L’ex presidente del Consiglio comunale di Messina Emilia Barrile è stata condannata a otto anni e tre mesi di carcere per corruzione nell’ambito del processo “terzo livello” che ha accertato l’esistenza di un comitato di affari composto da professionisti, politici ed esponenti della criminalità che gestivano la cosa pubblica messinese. La Procura, guidata da Maurizio De Lucia, ipotizzò a carico dei 17 rinviati a giudizio, a vario titolo, i reati di associazione a delinquere, corruzione per atti contrari ai doveri di ufficio, induzione indebita, accesso abusivo a un sistema informatico e intestazione fittizia di bene. Un solo imputato è stato assolto.

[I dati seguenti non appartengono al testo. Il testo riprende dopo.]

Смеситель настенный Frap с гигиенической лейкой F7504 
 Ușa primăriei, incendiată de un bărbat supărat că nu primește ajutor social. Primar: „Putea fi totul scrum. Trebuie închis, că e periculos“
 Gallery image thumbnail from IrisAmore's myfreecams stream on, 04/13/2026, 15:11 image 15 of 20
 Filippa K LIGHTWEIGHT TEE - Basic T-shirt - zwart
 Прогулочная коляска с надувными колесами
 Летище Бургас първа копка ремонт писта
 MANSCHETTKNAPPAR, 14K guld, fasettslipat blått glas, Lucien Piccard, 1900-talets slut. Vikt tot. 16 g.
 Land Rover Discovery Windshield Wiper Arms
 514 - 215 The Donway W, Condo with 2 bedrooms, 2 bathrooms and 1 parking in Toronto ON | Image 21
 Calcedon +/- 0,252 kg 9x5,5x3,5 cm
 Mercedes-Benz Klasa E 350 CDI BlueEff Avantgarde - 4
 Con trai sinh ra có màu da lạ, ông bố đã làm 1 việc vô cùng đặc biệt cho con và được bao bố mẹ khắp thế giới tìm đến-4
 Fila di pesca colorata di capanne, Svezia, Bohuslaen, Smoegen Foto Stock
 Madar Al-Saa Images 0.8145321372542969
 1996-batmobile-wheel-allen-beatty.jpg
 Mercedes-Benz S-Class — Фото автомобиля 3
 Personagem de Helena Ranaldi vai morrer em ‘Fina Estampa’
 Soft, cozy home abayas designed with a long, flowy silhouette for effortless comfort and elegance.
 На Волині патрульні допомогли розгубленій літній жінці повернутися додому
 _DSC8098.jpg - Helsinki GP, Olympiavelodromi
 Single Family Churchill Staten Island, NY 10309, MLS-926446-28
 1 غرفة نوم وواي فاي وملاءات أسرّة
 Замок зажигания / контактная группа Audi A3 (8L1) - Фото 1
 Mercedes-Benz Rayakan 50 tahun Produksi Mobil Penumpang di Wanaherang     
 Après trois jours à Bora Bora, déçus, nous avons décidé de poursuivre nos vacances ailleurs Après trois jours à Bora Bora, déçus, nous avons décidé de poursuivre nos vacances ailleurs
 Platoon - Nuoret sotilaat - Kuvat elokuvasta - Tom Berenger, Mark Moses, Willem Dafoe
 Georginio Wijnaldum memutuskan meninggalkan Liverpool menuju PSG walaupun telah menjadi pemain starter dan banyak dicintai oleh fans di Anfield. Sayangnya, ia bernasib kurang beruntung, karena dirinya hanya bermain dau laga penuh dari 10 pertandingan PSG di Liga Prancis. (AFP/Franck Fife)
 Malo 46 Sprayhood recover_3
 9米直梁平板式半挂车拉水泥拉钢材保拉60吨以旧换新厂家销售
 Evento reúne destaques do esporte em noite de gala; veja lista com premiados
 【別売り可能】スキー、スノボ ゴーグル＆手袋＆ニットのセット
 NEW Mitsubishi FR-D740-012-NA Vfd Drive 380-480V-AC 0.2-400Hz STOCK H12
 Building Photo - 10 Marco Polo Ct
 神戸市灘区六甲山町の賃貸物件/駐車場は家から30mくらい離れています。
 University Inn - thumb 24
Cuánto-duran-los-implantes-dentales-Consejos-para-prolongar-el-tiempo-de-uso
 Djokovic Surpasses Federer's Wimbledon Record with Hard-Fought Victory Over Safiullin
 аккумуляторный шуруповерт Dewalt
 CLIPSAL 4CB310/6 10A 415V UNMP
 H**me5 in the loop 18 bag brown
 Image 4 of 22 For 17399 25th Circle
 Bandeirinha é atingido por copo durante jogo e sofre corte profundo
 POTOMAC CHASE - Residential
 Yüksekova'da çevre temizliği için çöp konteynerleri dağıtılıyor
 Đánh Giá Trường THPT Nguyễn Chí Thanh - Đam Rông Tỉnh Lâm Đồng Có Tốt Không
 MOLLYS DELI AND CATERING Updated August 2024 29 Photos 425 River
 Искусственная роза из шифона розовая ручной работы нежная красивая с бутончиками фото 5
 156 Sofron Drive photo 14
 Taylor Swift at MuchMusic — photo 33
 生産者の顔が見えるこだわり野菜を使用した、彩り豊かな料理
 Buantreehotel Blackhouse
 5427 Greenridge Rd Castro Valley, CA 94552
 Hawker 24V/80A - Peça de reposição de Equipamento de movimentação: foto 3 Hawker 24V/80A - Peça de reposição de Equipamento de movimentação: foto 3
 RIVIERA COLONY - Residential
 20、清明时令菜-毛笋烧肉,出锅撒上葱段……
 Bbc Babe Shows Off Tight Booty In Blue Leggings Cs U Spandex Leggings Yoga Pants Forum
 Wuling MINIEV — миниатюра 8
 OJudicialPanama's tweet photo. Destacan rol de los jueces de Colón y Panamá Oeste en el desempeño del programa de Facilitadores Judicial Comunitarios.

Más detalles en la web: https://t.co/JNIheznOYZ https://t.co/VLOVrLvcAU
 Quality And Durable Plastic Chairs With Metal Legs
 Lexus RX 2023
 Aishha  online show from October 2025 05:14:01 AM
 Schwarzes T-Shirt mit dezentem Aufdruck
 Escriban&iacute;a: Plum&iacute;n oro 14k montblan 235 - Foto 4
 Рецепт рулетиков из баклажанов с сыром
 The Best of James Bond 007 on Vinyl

Queste le pene degli altri imputati: Marco Ardizzone, 8 anni e 8 mesi; Giovanni Luciano, 2 anni e 3 mesi; Francesco Clemente, un anno e 3 mesi; Carmelo Pullia, un anno e 8 mesi; Antonio Fiorino, 2 anni e 3 mesi; Daniele De Almagro, 2 anni e 6 mesi; Angelo e Giuseppe Pernicone, 2 anni; Vincenzo Pergolizzi, 5 anni e 6 mesi; Carmelo Cordaro, 4 anni; Michele Adige, 4 anni; Vincenza Merlino, 4 anni; Teresa Pergolizzi, 2 anni e 6 mesi; Stefania Pergolizzi, 2 anni e 6 mesi; Sonia Pergolizzi, 2 anni e 6 mesi. Assolto Leonardo Termini. Secondo i pm Imprenditori, funzionari comunali, costruttori e manager delle municipalizzate avrebbero fatto parte di un d’affari che condizionava a fini privati l’attività del comune. Al centro, l’ex presidente del consiglio comunale Emilia Barrile.
Tra i nomi coinvolti anche quello del direttore generale dell’azienda di trasporti Atm, Daniele De Almagro, che sarebbe stato favorito dalla Barrile in cambio dell’assunzione nella società di un autista, che non aveva i requisiti per svolgere il lavoro, il costruttore Vincenzo Pergolizzi a cui Barrile avrebbe fatto acquistare, grazie alla complicità del funzionario comunale Francesco Clemente, il terreno comunale dove doveva realizzare una palazzina. Tra i condannati anche il commercialista Marco Ardizzone e gli imprenditori Angelo Pernicone e Giuseppe Pernicone, titolari di una società di vigilanza che svolgeva l’attività in occasione di eventi allo stadio.
In cambio di agevolazioni nelle pratiche amministrative la Barrile avrebbe ottenuto l’assegnazione a una coop che controllava della gestione dei punti di ristoro allo stadio. Ardizzone è ritenuto il ‘consigliori’ di Barile. Fin dagli anni 90, secondo gli investigatori, sarebbe stato vicino al gruppo criminale mafioso dei “Mancuso”. Barrile, approfittando del suo ruolo politico, avrebbe fatto avere a una coop che controllava, la “Universo e Ambiente”, il servizio di pulizie dell’Amam, l’Azienda meridionale delle acque.
Alle dipendenze della società è stato assunto con un ruolo di vertice Carmelo Pullia, mafioso del clan Mancuso recentemente scarcerato dopo una detenzione ventennale. Le cooperative riconducibili alla ex presidente del Consiglio, anche grazie a una alternanza tra periodi di lavoro e periodi di disoccupazione gestiti tramite patronati compiacenti, venivano usati come strumento per dare posti di lavoro e acquisire diffuso “consenso popolare”. Dall’inchiesta sarebbe emerso anche il tentativo di Pergolizzi, vicino alla mafia di Barcellona Pozzo di Gotto e sottoposto a misura di prevenzione, di sottrarre, attraverso la complicità di familiari e persone di fiducia, il suo patrimonio al sequestro antimafia e di evitare il recupero del credito erariale, quasi un milione di euro, da cui le sue società erano gravate. Con una serie di “trasformazioni” societarie per mezzo dei propri familiari, ha inscenato fittizie controversie con dipendenti di fiducia, per svuotare fraudolentemente le società di beni e capitali.